Prelude to "Another Other: A dance of two people"
The artist, or in this case, the dancer - has as part of his or her undertaking the task of arousing in oneself a prior experienced feeling, and then by means of presentation, of movement- conveys it in such a way as to make known this feeling or experience again. But Art expressly reveals itself so it can transfer its nature to others, in order to make others able to feel its presence, this dream awoke.
The power the dancer possesses is that which conveys something that the spectator in turn unconsciously receives. The viewer is not always aware that he has been moved by what is shown. But there is resonance. In the everyday life of the mind, it is this same latent resonance that takes hold of us and makes us nervous around others, this transference that binds us to and repels us from our fellow man. Our relationships are consequences of our mute reaction to it, that is, how to respond to what has been received. This is difficult - a game - as it is never wholly apparent to us how we perceive others, how we see another perceiving us, or how they perceive us. But none the less we follow, we imitate. And so does the other.
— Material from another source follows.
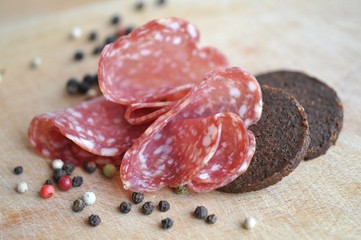 Salami, Pumpernickel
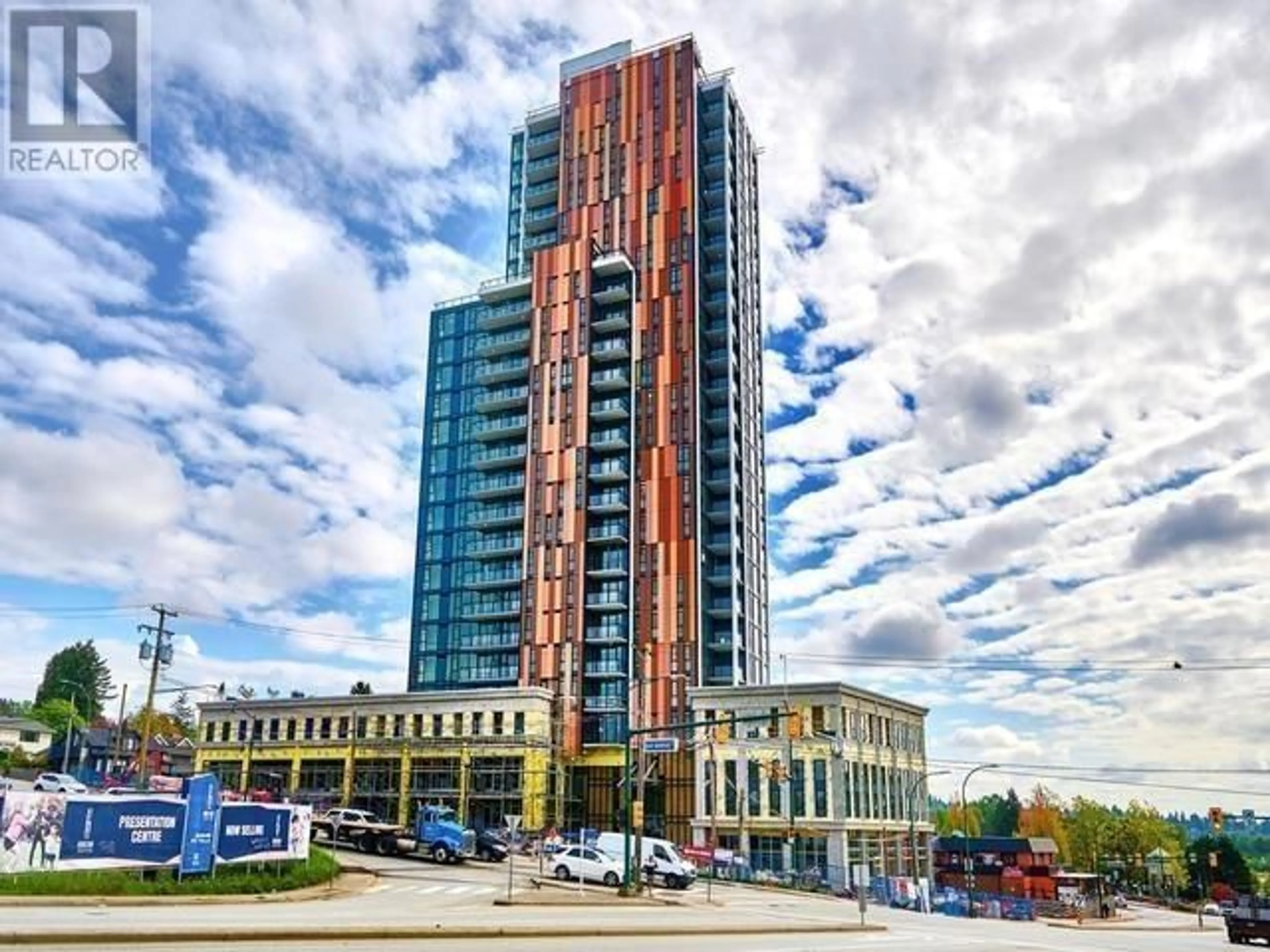 Indoor foyer for 2504 901 LOUGHEED HIGHWAY, Coquitlam British Columbia V3K3T3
It is this beautiful dance of mimicry that happens at first skittishly among strangers. It is the voice of your friend, the intonations and words that you take in to your grammar, disinterestedly, unaware. It is how lovers ACTUALLY do “finish each others sentences”.
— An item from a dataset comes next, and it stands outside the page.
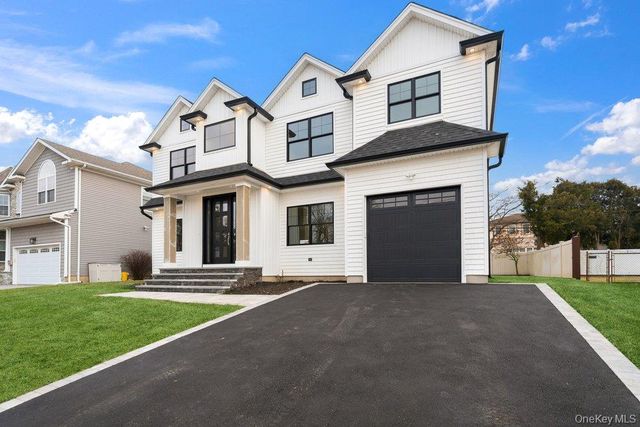 35 Main Parkway, Plainview, NY 11803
Those events that catch us, and remind us, sometimes traumatically, that we are not the masters of our own homes, that we are inextricably part of the world outside of us, the world of people and minds not ourselves, the world of the other. This occurrence, which constantly happens, if and when it is finally perceived consciously, moves the individual, the viewer, from an action of looking (I look, look, look) to -aha- an action of seeing, in which one abruptly and finally sees that movement, that consciousness, is outside of themselves, outside of their own world of phenomena.Viscerally moved and physiologically embodied, the subject finds that, in fact, they are in the face of the other, on a stage.